The line containing "Multi-Color Hand Knitted Crochet Earrings" and every line after it to the end of the records: set those down exactly, without any pictures.
◆ ◆ ◆ ◆ ◆
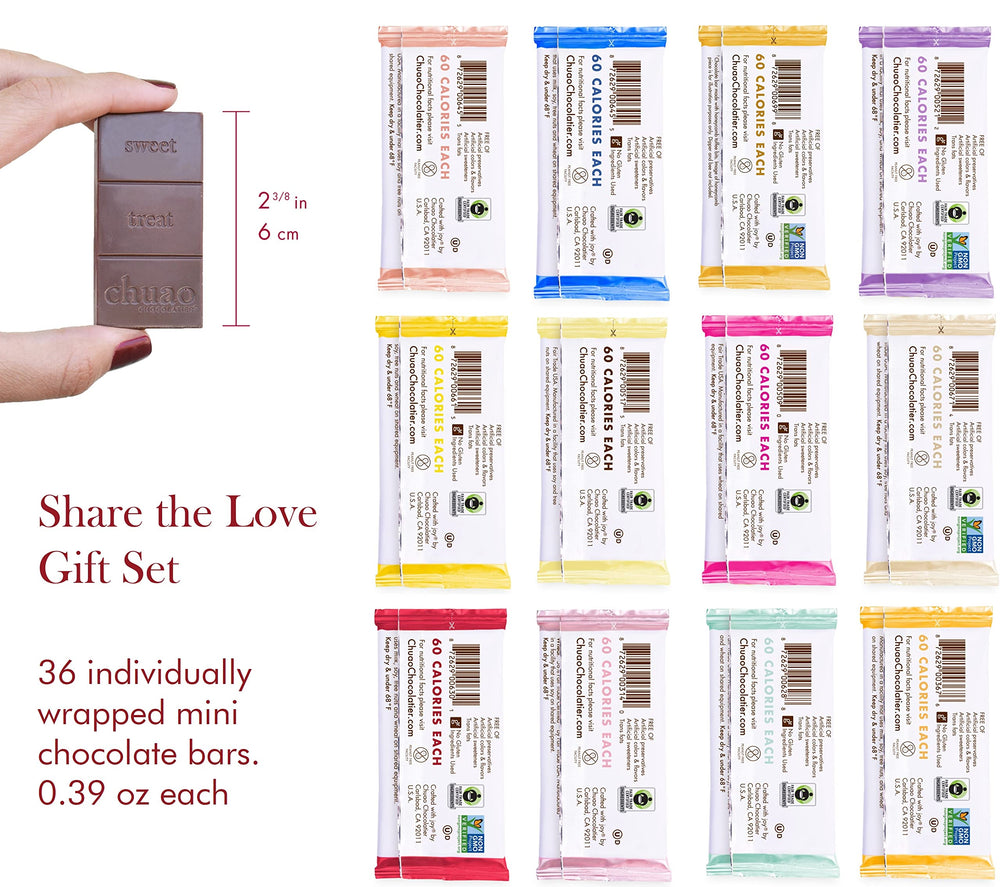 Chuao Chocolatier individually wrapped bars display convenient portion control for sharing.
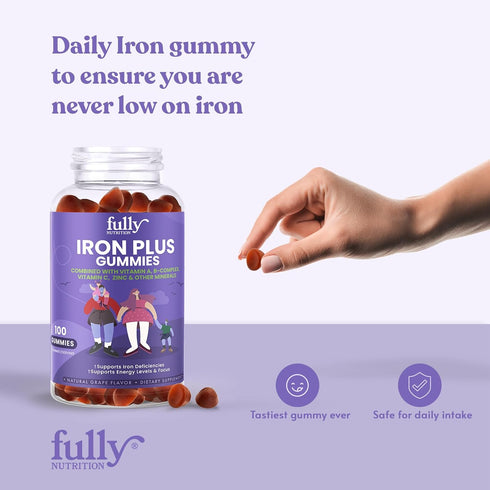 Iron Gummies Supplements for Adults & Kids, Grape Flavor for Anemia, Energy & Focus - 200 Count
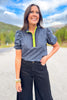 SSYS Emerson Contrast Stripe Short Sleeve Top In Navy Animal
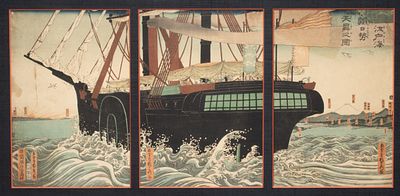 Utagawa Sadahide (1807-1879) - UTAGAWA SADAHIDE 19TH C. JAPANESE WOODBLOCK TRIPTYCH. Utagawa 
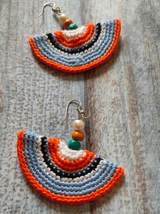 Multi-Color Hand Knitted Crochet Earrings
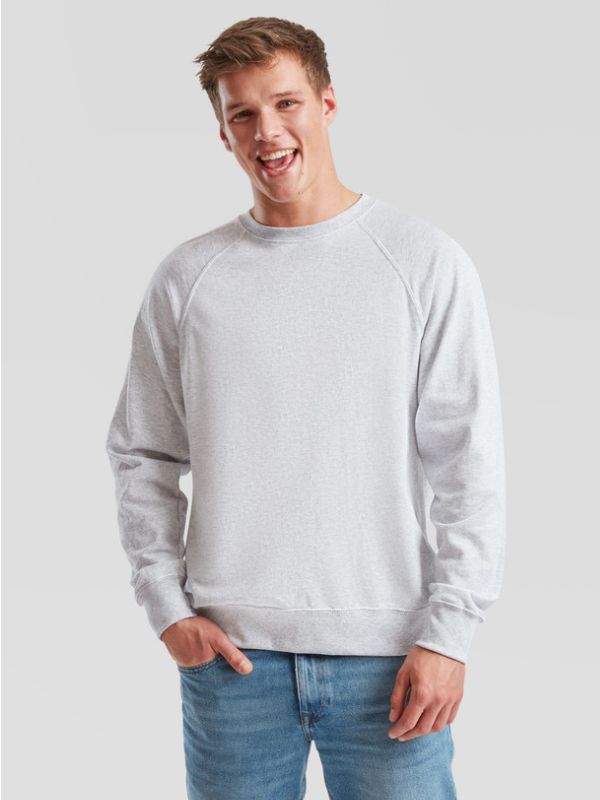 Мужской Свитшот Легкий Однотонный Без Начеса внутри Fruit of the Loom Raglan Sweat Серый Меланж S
◆ ◆ ◆ ◆ ◆
» **Answer to the exercise**:
 Multi-Color Hand Knitted Crochet Earrings
 Мужской Свитшот Легкий Однотонный Без Начеса внутри Fruit of the Loom Raglan Sweat Серый Меланж S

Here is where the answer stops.